From c745a8a11fa1df6078bfc61fc29492ed43f71c2b Mon Sep 17 00:00:00 2001
From: Chris Metcalf <cmetcalf@tilera.com>
Date: Fri, 13 Aug 2010 08:52:19 -0400
Subject: arch/tile: Various cleanups.

This change rolls up random cleanups not representing any actual bugs.

- Remove a stale CONFIG_ value from the default tile_defconfig
- Remove unused tns_atomic_xxx() family of methods from <asm/atomic.h>
- Optimize get_order() using Tile's "clz" instruction
- Fix a bad hypervisor upcall name (not currently used in Linux anyway)
- Use __copy_in_user_inatomic() name for consistency, and export it
- Export some additional hypervisor driver I/O upcalls and some homecache calls
- Remove the obfuscating MEMCPY_TEST_WH64 support code
- Other stray comment cleanups, #if 0 removal, etc.

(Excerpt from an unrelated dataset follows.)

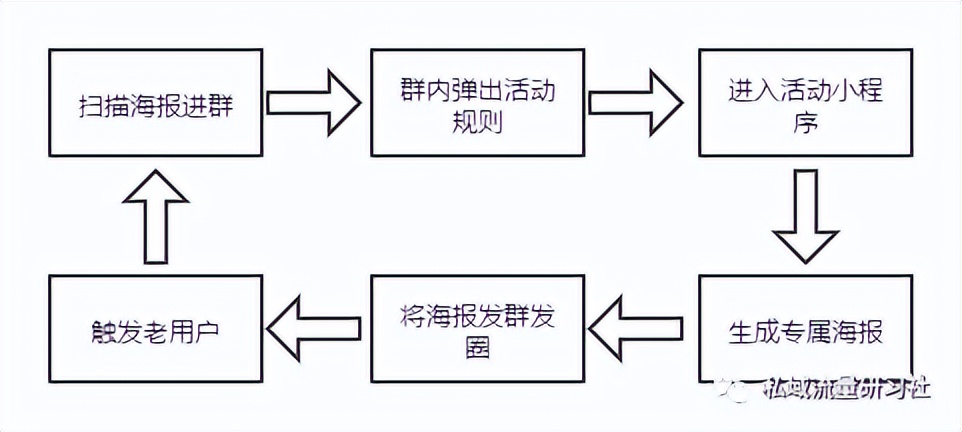 社群裂变引流的干货,社群运营及裂变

Signed-off-by: Chris Metcalf <cmetcalf@tilera.com>
---
 arch/tile/configs/tile_defconfig  |  1 -
 arch/tile/include/asm/atomic_32.h | 37 -------------------------------------
 arch/tile/include/asm/page.h      |  6 +++++-
 arch/tile/include/asm/uaccess.h   |  4 ++--
 arch/tile/include/hv/hypervisor.h |  8 ++++----
 arch/tile/lib/Makefile            |  4 +++-
 arch/tile/lib/exports.c           | 16 +++++++++++-----
 arch/tile/lib/memcpy_32.S         | 20 ++++----------------
 arch/tile/lib/memset_32.c         | 25 -------------------------
 arch/tile/mm/fault.c              |  8 ++++++++
 arch/tile/mm/homecache.c          |  3 +++
 11 files changed, 40 insertions(+), 92 deletions(-)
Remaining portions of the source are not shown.